YOUR ASSIGNMENT
In the records that follow, find the line containing "BD1 growlog photo: Looking" and the line containing "Image 1 : David", then transcribe both and every line between them exactly, omitting pictures.

SUPPLIED RECORDS
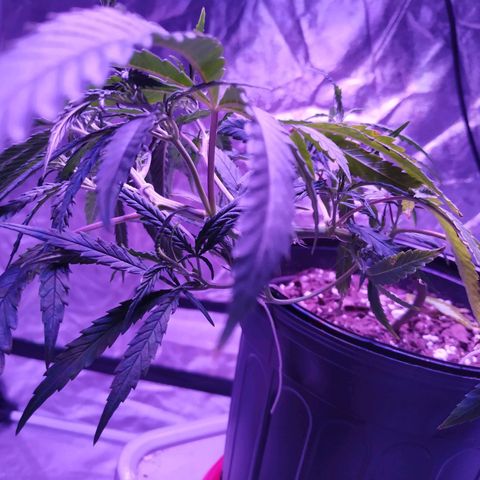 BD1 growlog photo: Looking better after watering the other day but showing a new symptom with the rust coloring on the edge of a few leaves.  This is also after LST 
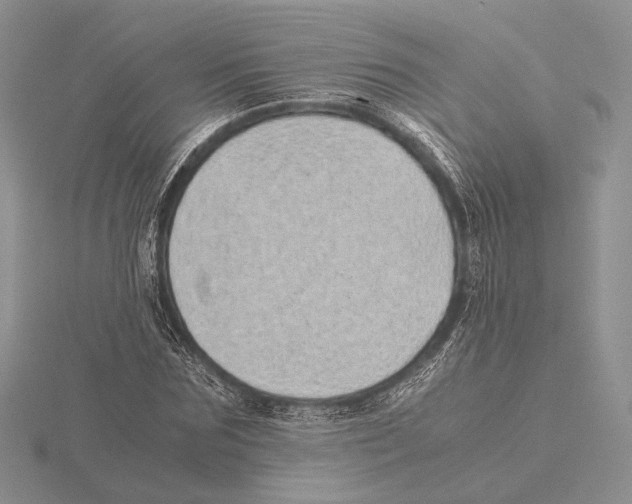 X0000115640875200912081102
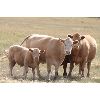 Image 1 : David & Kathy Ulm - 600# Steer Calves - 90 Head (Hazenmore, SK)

--

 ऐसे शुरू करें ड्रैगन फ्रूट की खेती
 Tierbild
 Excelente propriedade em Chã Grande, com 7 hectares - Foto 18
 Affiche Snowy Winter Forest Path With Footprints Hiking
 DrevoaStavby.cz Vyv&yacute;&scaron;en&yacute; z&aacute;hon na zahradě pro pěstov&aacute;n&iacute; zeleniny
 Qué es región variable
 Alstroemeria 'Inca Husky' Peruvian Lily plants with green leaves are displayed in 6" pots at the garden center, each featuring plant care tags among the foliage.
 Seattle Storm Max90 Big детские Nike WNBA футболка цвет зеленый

SOLUTION TO THIS EXERCISE
 BD1 growlog photo: Looking better after watering the other day but showing a new symptom with the rust coloring on the edge of a few leaves.  This is also after LST 
 X0000115640875200912081102
 Image 1 : David & Kathy Ulm - 600# Steer Calves - 90 Head (Hazenmore, SK)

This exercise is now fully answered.